▶ [Required work]:
Below is a listing from which only part is wanted; return exactly the lines from the one with "Toyota YARIS 发动机盖和前翼子板 EPC diagram — 537095" up to and including the one with "Chaps Ralph Lauren".

▶ [Records supplied]:
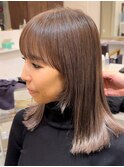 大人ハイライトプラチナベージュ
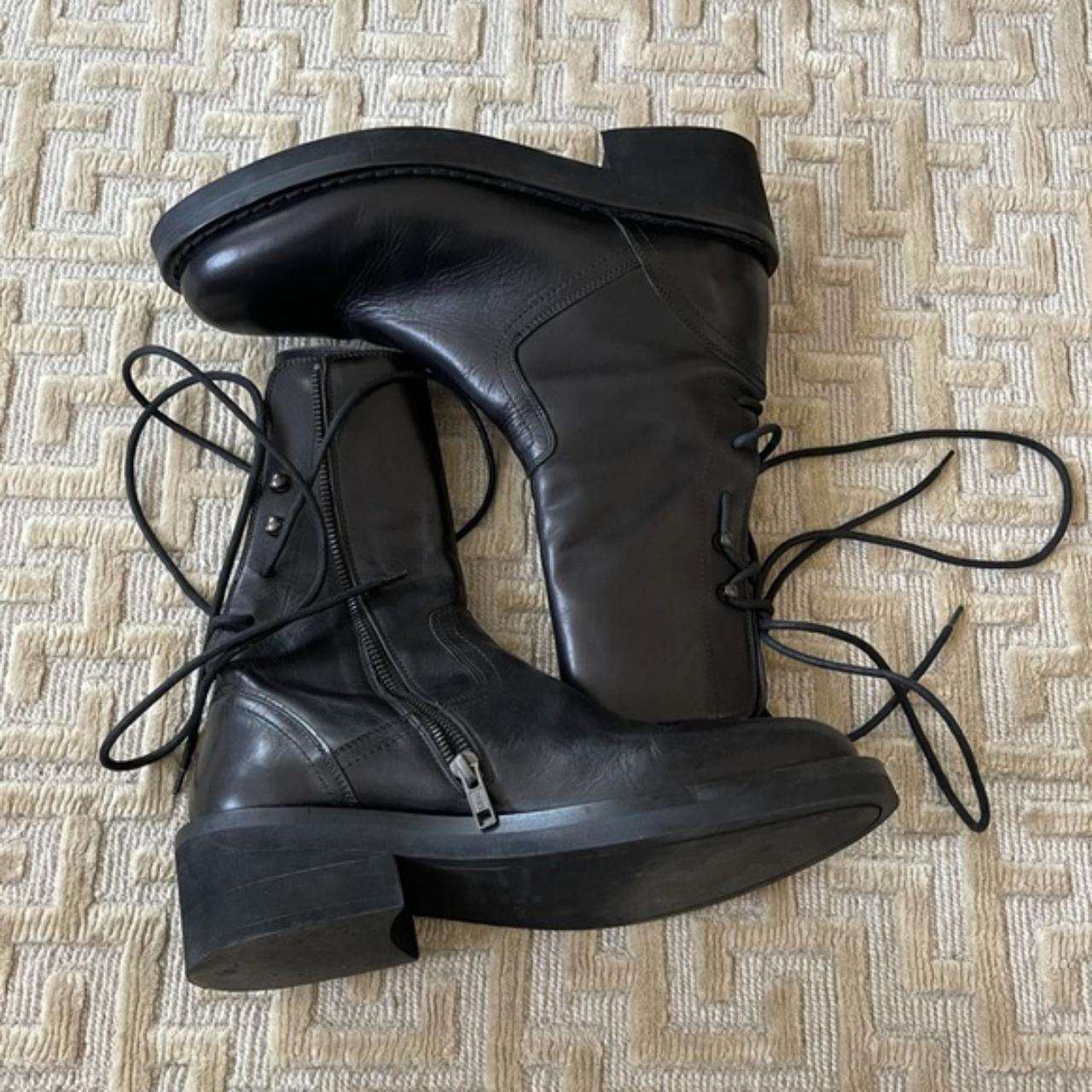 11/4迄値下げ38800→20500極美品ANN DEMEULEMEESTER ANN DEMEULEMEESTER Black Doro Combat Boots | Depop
...
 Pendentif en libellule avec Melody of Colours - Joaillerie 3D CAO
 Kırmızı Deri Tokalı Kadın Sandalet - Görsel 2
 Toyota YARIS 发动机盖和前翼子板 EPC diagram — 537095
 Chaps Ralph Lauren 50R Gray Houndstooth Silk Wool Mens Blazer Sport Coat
...
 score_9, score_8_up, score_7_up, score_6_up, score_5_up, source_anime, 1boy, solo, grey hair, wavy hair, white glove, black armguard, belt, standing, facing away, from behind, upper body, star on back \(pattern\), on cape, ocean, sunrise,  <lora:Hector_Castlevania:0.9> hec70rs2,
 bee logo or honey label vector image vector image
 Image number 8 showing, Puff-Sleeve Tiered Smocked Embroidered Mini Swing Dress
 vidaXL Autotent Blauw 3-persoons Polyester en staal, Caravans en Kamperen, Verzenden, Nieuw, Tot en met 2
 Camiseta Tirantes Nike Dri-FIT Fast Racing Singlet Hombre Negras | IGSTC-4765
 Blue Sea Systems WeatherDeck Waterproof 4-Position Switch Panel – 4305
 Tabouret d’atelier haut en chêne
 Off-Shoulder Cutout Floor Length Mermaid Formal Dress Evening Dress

▶ [Response to this task]:
 Toyota YARIS 发动机盖和前翼子板 EPC diagram — 537095
 Chaps Ralph Lauren 50R Gray Houndstooth Silk Wool Mens Blazer Sport Coat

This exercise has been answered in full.